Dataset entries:

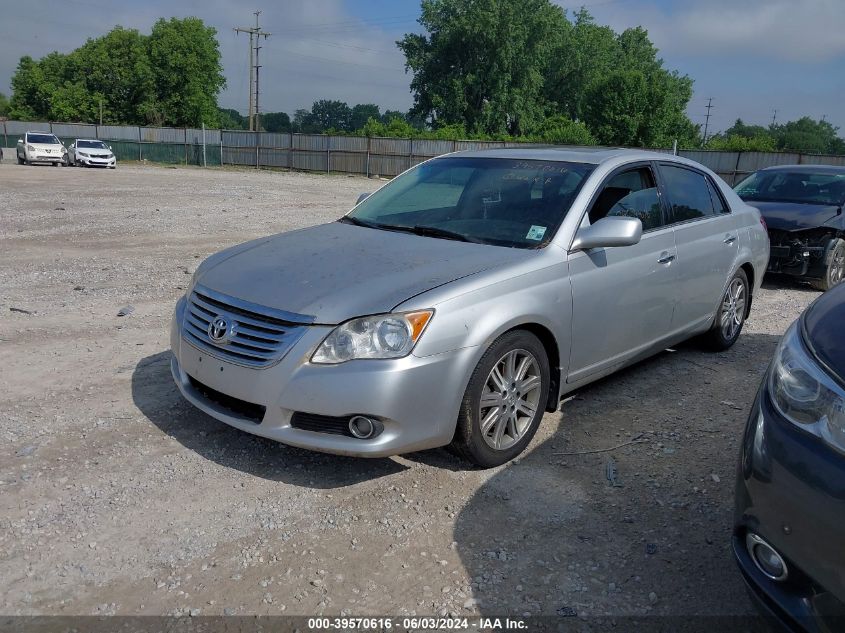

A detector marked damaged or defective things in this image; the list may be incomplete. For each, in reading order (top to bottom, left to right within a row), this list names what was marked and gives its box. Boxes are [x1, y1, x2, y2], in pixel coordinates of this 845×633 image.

damaged vehicle [732, 164, 844, 290]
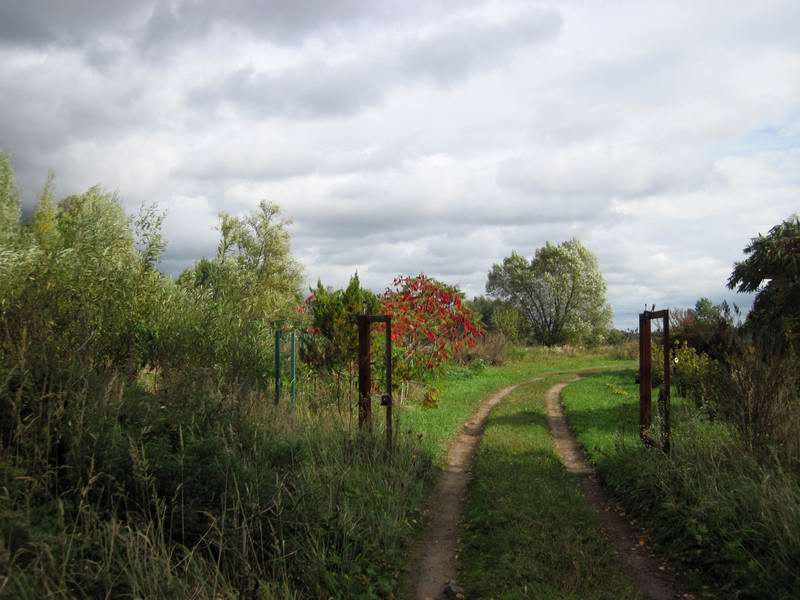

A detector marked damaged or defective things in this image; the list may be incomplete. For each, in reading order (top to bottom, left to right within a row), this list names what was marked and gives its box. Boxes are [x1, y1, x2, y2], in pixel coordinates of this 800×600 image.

rusty metal gate post [356, 314, 394, 450]
rusty metal gate post [640, 310, 672, 454]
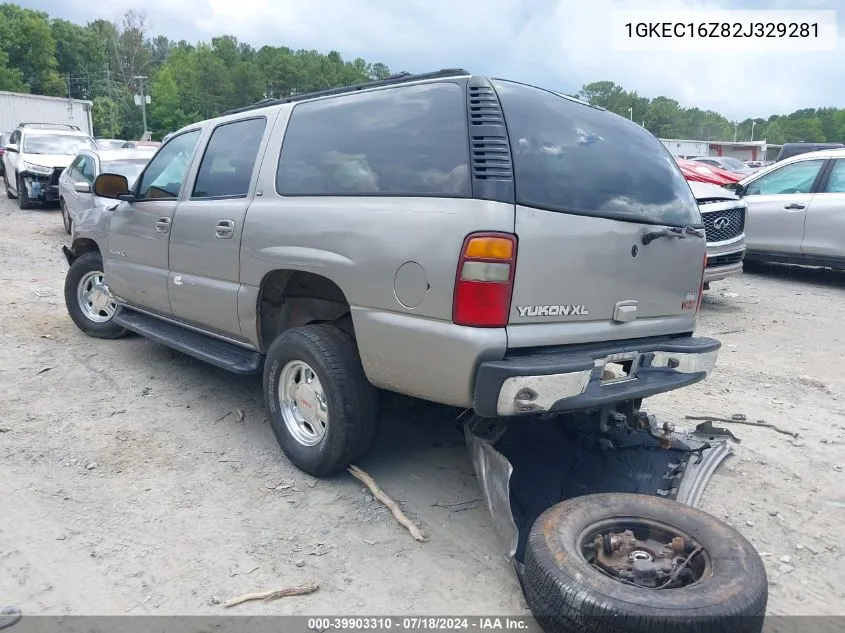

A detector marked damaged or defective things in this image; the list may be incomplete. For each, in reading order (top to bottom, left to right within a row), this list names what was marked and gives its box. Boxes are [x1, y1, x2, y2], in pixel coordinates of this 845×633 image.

detached wheel on ground [16, 175, 33, 210]
detached wheel on ground [63, 251, 127, 340]
detached wheel on ground [264, 324, 380, 476]
detached wheel on ground [520, 494, 764, 632]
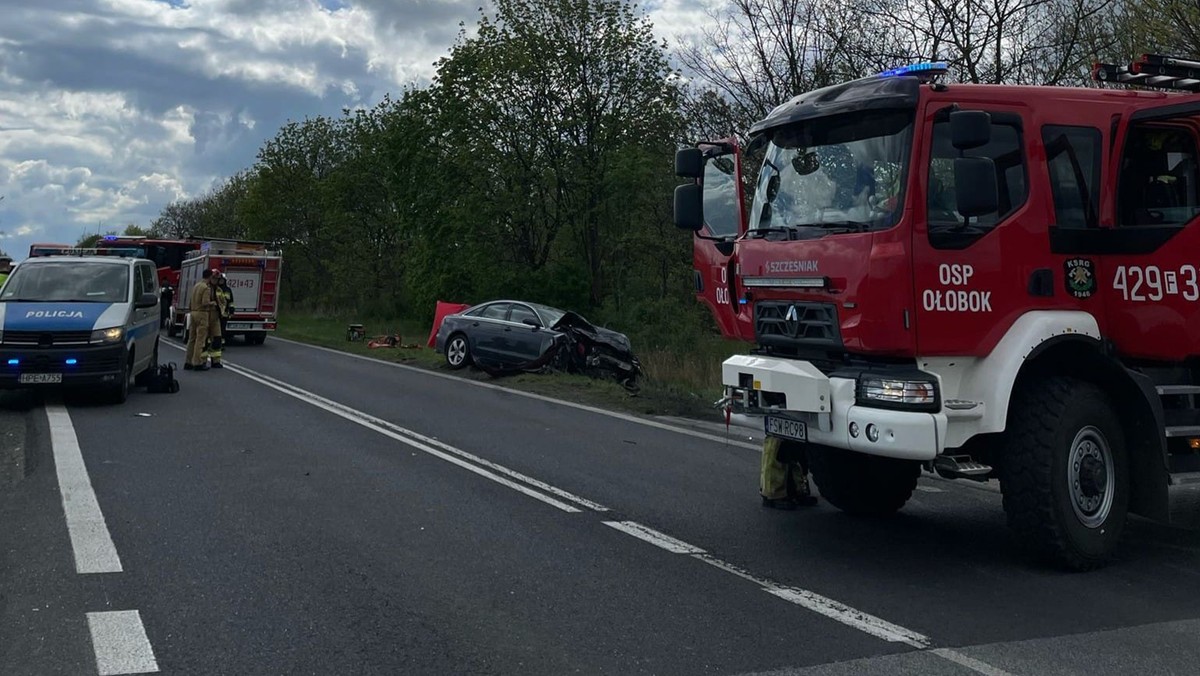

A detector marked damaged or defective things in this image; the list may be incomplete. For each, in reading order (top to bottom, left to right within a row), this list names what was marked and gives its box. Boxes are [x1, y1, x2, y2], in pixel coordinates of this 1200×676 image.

▶ [WORK TASK]:
Transcribe exactly, and only, the lines from the one containing "this 800×600 image." through the last line of the records above, both included; leave out the pictures.

▶ [WRITTEN REPLY]:
A detector marked damaged or defective things in this image; the list may be incomplete. For each, in reading order (top to bottom, left to right within a row), this list names what was marked and gives its box. Boxes are [x1, y1, x2, y2], in pixel coordinates of this 800×600 image.

rusty metal gate post [356, 314, 394, 450]
rusty metal gate post [640, 310, 672, 454]

A detector marked damaged or defective things in this image; the list may be incomplete. For each, in reading order (top to bottom, left to right within a row), this list names what was marked and gives its box. Boxes are [x1, y1, x2, y2], in pixel coordinates of this 845×633 image.

detached wheel on ground [16, 175, 33, 210]
detached wheel on ground [63, 251, 127, 340]
detached wheel on ground [264, 324, 380, 476]
detached wheel on ground [520, 494, 764, 632]

A detector marked damaged or defective things in this image; the list may be incomplete. For each, in reading order (top to bottom, left to right within a row), this list names what was marked and gives its box. Boxes are [x1, y1, x2, y2], in pixel coordinates of this 1200×676 image.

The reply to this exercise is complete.